Tomorrow is Wonder Woman's birthday. To prove to everyone that age doesn't stop her, she's going on a four-run...but wait, there's more. Today we had a WFH opportunity because of the threat of snow. We decided to take some PTO and make the familiar drive to the Uwharrie National Forest, a couple of hours from where we live. Some call the place the Uwharrie Mountains and they were -- a couple of eons today. Today they are a series of short but steep climbs, although none of them are over 1,000 feet. One of the US National Scenic Trails runs through the forest and this is where she wants to run...in the snow...on her birthday.

We've been coming here for years. It is a fun place to hike and camp. There are also cosy little cabins available, which is where we're staying this weekend. We've tented through a snow and ice storm here before though, just to say we'd done it. In hindsight, it may not have been the most comfortable night's sleep I ever had, but it's a fond memory. The one-room cabin we are in is nice though. It's heated, has a kitchen, shower and wi-fi - just the basic essentials.

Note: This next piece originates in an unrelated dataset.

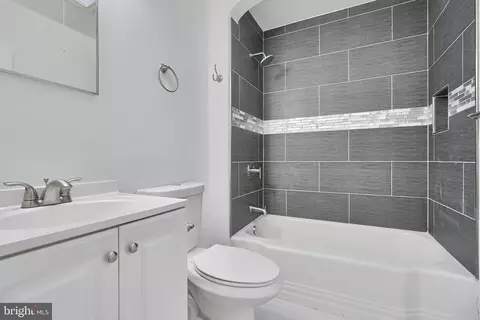 Bath - 5629 Govane Ave, Baltimore, MD 21212 photo 2 of 6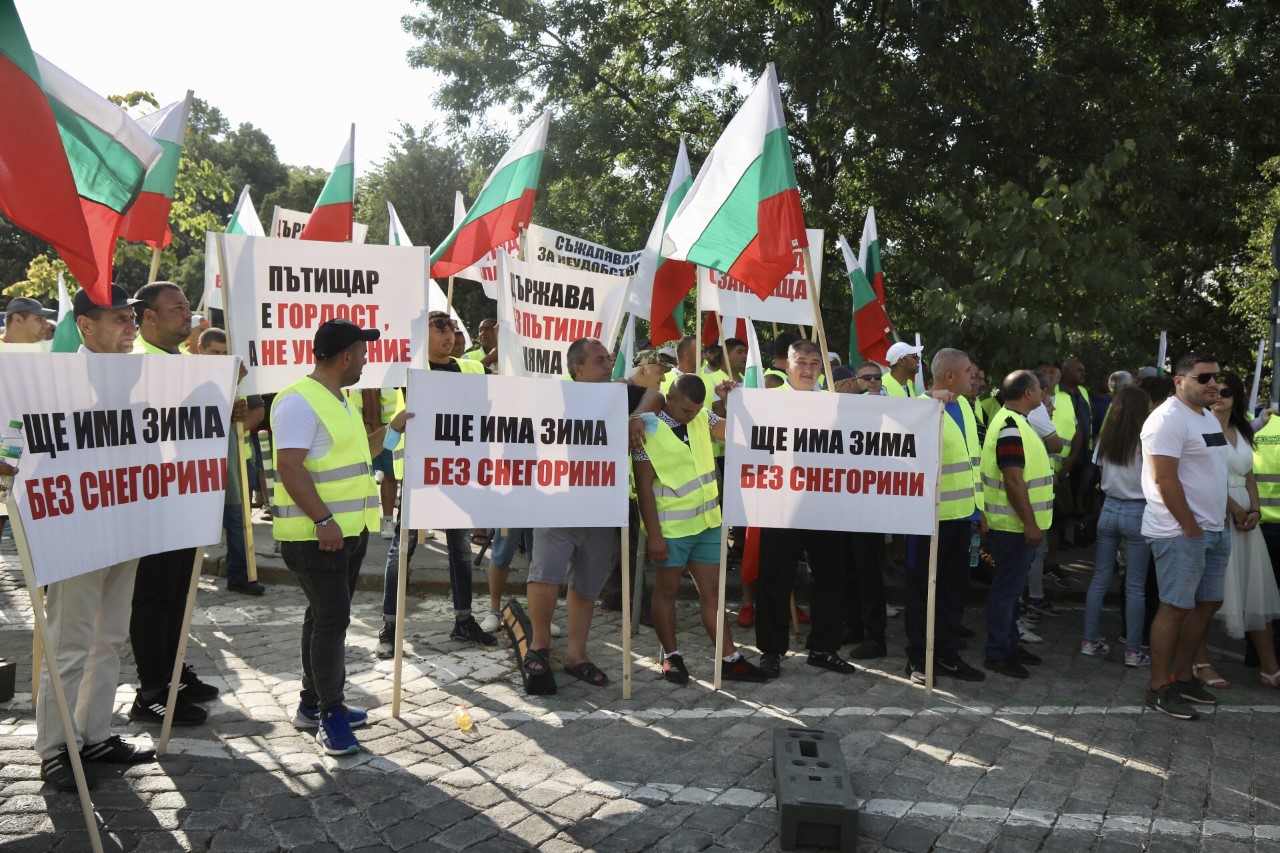 Протестът на пътностроителния бранш затвори движението в района на НС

At the end of the month, we are going to Florida for a long weekend so Wonder Woman can keep a promise to her cousin to run the Miami Marathon with her. WW's extended family lives in the area. Her grandfather moved there in the fifties when he got out of the Army and my mother-in-laws siblings all stayed in the area. I've only been there once and that was more than thirty years ago on the way to Key West. It's always nice to get away from home and experience something new.

My 60th birthday is next month and we will be getting out of town for that too. There is a lakeside hotel about an hour away where we've been a couple of times. Of course it has easy access to an excellent running trail. There is a Lebanese restaurant there I really like, and it's what I've picked for my birthday dinner. I just want to lounge around for the weekend, do some writing, maybe watch a movie, visit the REI and relax.

I found out today that WW signed up for a race in South Carolina in March that lasts for 10 hours. The participants have to run a 5K every hour on the hour - for a total of 50K by the end of the day. Whoever has the fastest cumulative time will be the winner. The race is called Payton's Wild and Wacky 50K and it's in the low country area near Charleston where there are lots of great events. A few years ago she even got me to do the Bridge Run, which is one of the largest 10Ks in the world with over 40,000 participants. The next day we did a 100K bike ride, fittingly called The After the Bridge Run Ride.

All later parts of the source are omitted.